Research Overview
- This report illustrates the ongoing evolution of the digital banking sector in APAC, the opportunities and challenges facing digital banks in the region, and how they should be thinking about their path towards profitability.
Key Findings
- Within the traditional retail banking system in APAC, there remains large unbanked and underbanked populations who are unable to access any / full banking services, particularly in developing markets. In more developed APAC markets, traditional banks also tend to fail to provide retail customers with a personalised and streamlined digital experience, resulting in considerable customer dissatisfaction.
- MSME customers also face several pain points in their banking journey, including a slow and largely paper-based account onboarding process, lengthy loan application processes with tedious documentation requirements, as well as onerous annual account reviews. Most importantly, many MSMEs in the region struggle to access credit through traditional banking providers.
- To address lingering pain points – and to meet the emerging demands and growing digital preferences – of APAC customers, we have seen a surge in digital-native banks that have launched in the region, with over 40 APAC digital banks having been launched to date.
- Digital banks are utilising a wide variety of cutting-edge technologies to improve the customer experience along the end-to-end value chain.
- In addition, many digital banks in the region are also focusing on building partnership ecosystems in an effort to enhance product development, drive their distribution efforts, and enhance customer loyalty.
- While early entrants in markets like Japan, Mainland China, and South Korea have established a substantial customer base and are generating profits, newer digital banks in the region are facing significant hurdles in breaking even. Taking Hong Kong as an example, since the market entry of all 8 players back in 2020, none have managed to turn a profit, recording sizeable losses to date.
- The cost of customer acquisition (“CAC”) has been a significant challenge for many firms, especially those operating in developed markets like Hong Kong and Singapore, with CACs for retail customers ranging from USD 65-90 (vs. USD 15-50 in emerging Asia and USD 1-5 in frontier Asian markets).
- Substantially lower average deposit levels per customer compared to traditional banks, being 10 times lower on average in markets like Hong Kong, also limits the ability for digital banks to effectively monetise their customer base via lending and investment products.

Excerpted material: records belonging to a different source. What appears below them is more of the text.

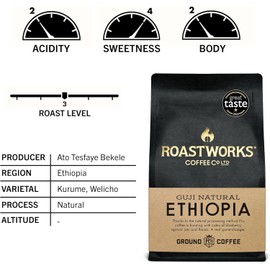 Roastworks Ethiopian Coffee Ground | 2 x 200g Packs | Natural Process | Guji Single Origin | Speciality Ground Coffee | Notes of Blueberry, Apricot Jam & Florals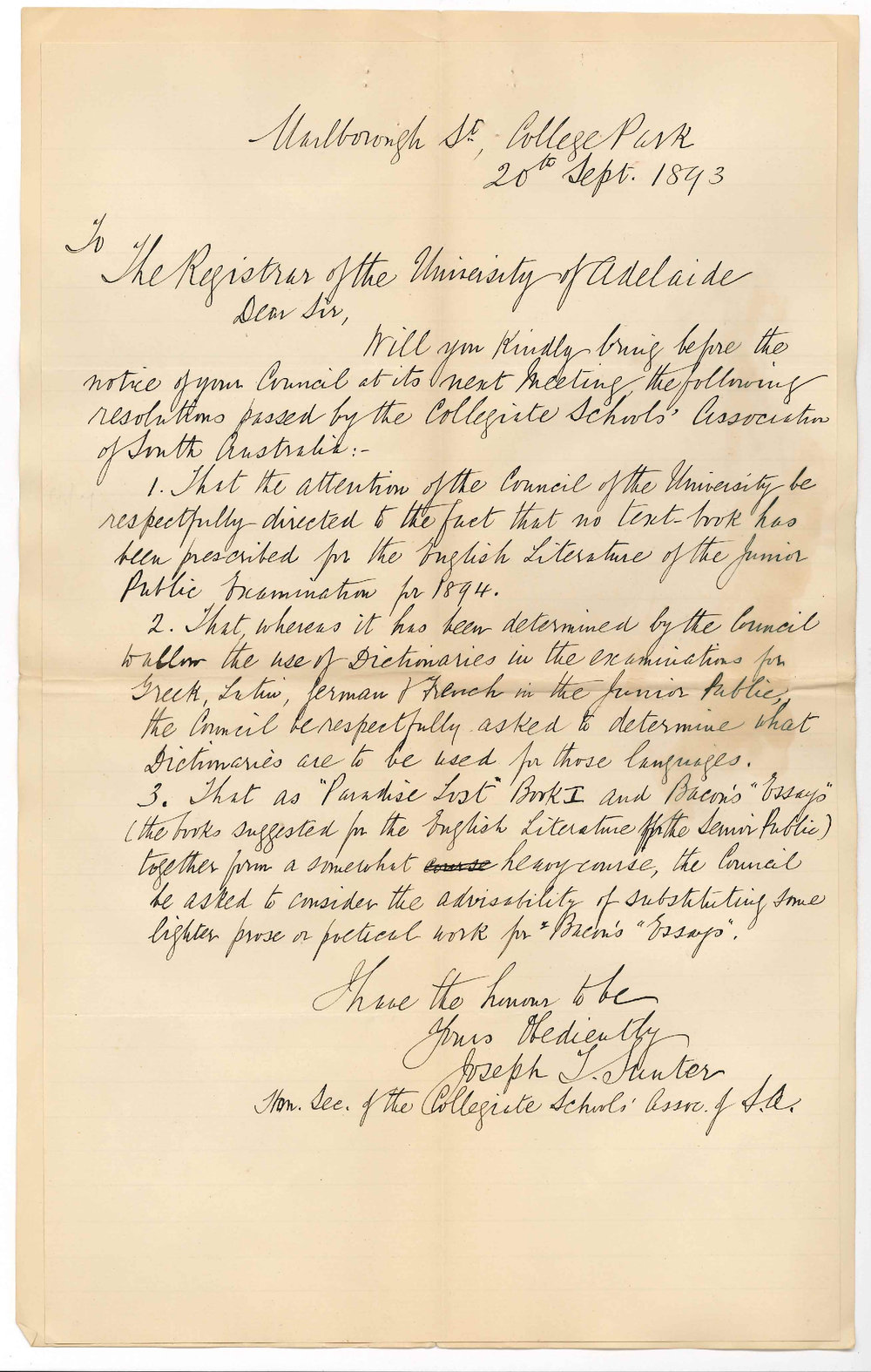 Joseph T Sunter - Honorary Secretary - Collegiate Schools Association - College Park - No Textbook Prescribed for English Literature Junior Public Exam 1894 etc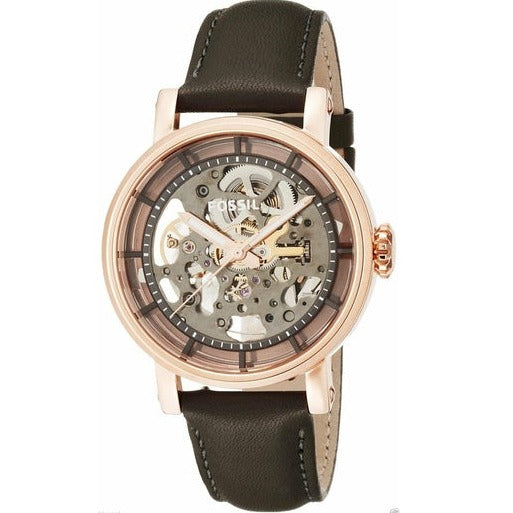 Fossil Boyfriend Automatic Skeleton Grey Dial Grey Leather Strap Watch for Women - ME3089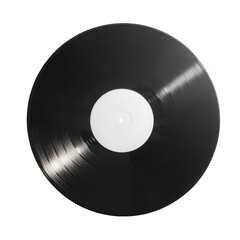 Vinyl record on a white background. Old CDs, music. Vintage, analog vinyl disc.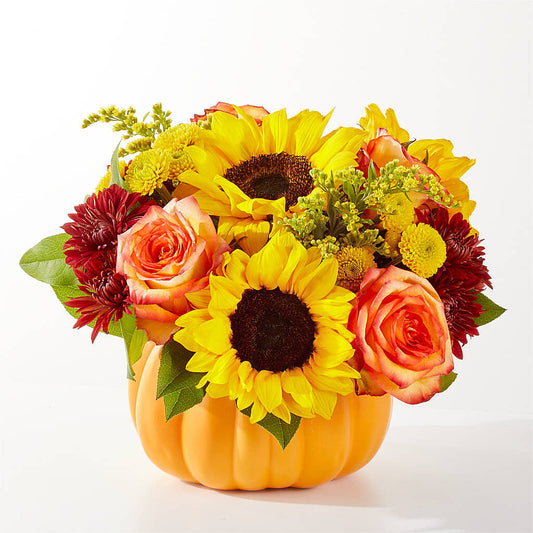 Golden Gourd Pumpkin Bouquet –  United Market Street, Lubbock TX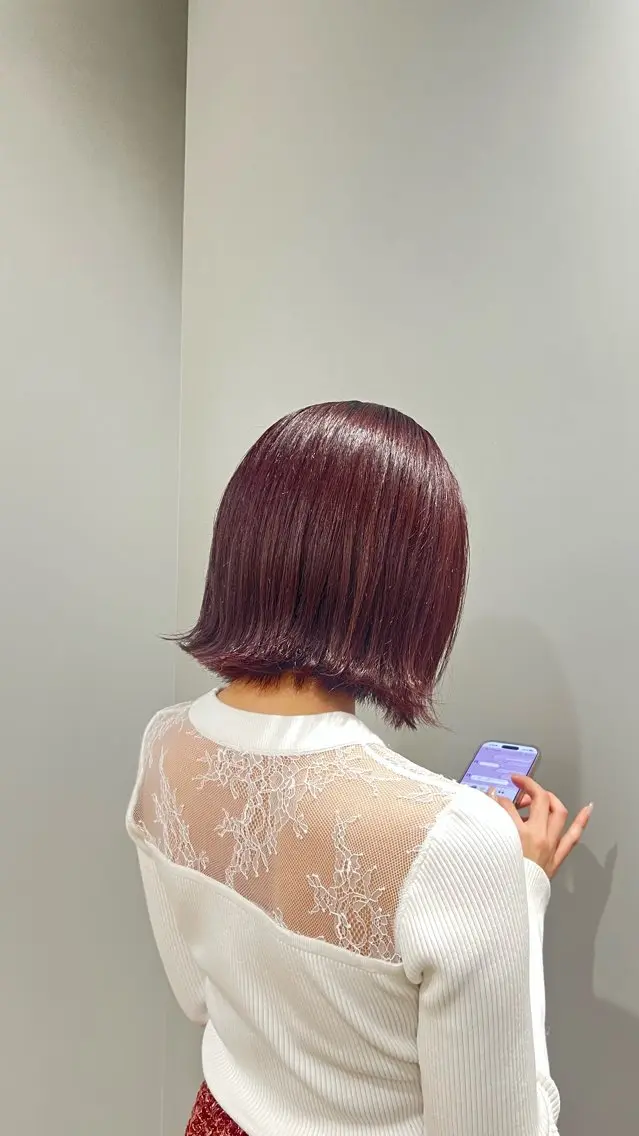 カラー ブリーチ イルミナカラー ピンクカラー 蔵田 さくらのヘアスタイル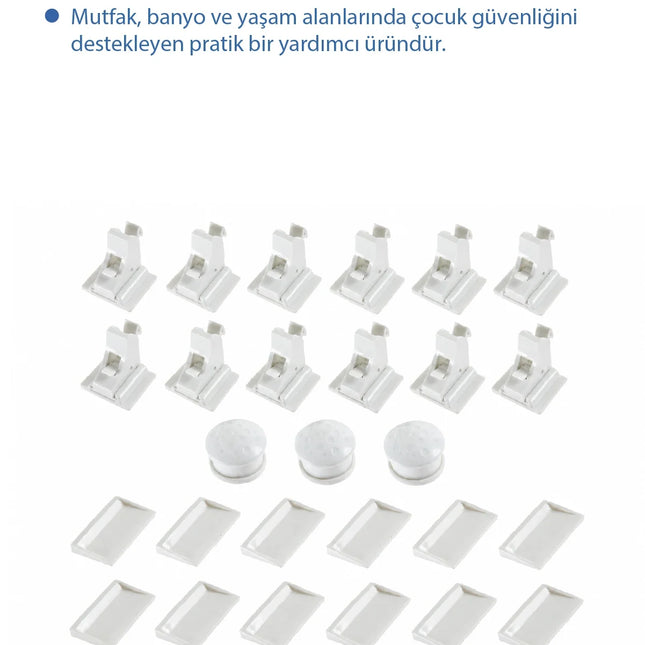 Babyjem Mıknatıslı Çekmece Kiliti Çoklu Paket - 12 Kilit + 3 Mıknatıs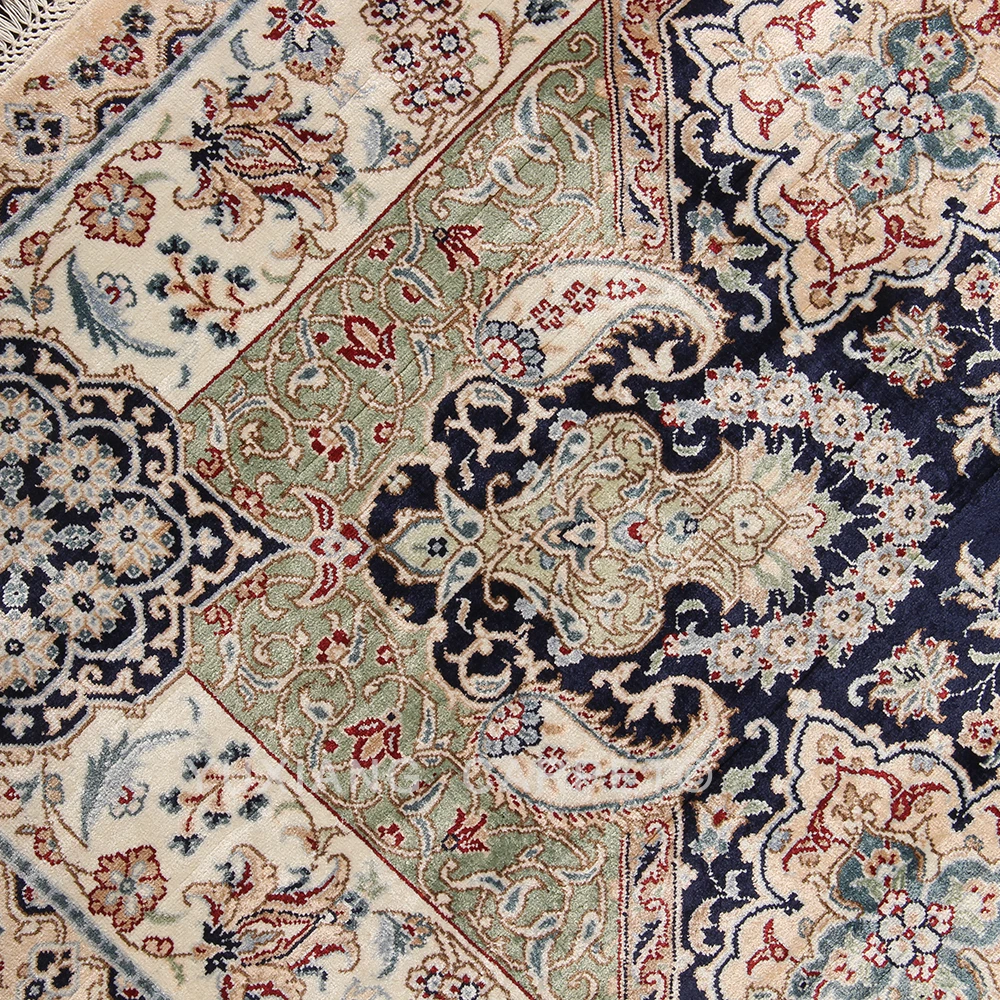 Kashan Persian Carpets And Rugs Living Room, Traditional Handmade Silk Carpet made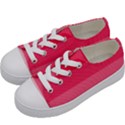 Pink Scarlet Gradient Stripes Pattern Kids  Low Top Canvas Sneakers View2
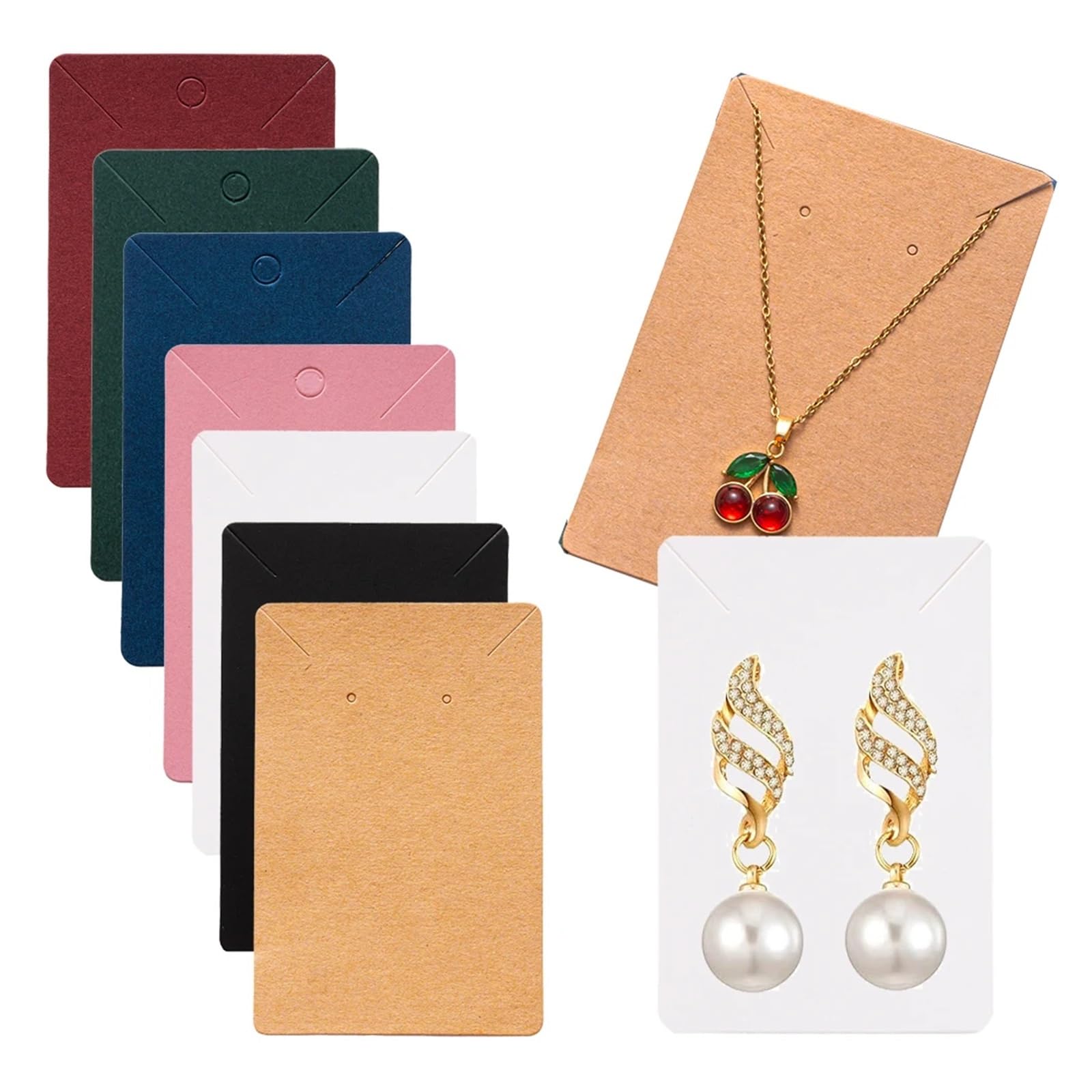 EDvkrgqx Earrings Necklace Display Cards, Earring Cards 300pcs 6x9cm Multicolor Jewelry Display(Pink)
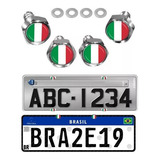 Kit Parafusos Da Placa Metal Cromado Emblema Resinado Italia
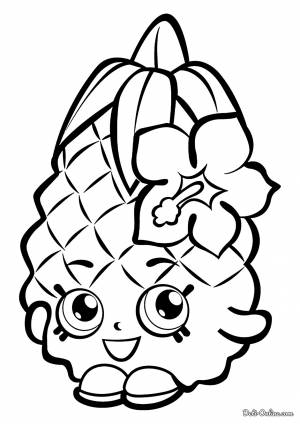 Раскраска Шопкинс Ананас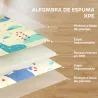 Alfombra Bebé Acolchada Plegable Reversible 196x176x1,5 cm Doble Cara Impermeable Multicolor - Ogal.Es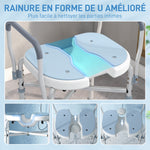 Chaise de douche avec accoudoirs siège de douche en forme U hauteur réglable anti-dérapant 53 x 36 x 64-75 cm bleu clair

- Digital banks also face a number of over-arching challenges such as trust issues, data security, talent retention, and stiff competition from both other digital banks, as well as a growing number of traditional banks who are investing heavily in their digital transformation efforts.
The Way Forward
- In crafting the path to profitability, digital banks should look to optimise their strategies and operating models across the customer value chain, particularly around customer acquisition and monetisation, and look to nurture strategic superchargers including partnerships, ecosystem / platform propositions, and geographic expansion.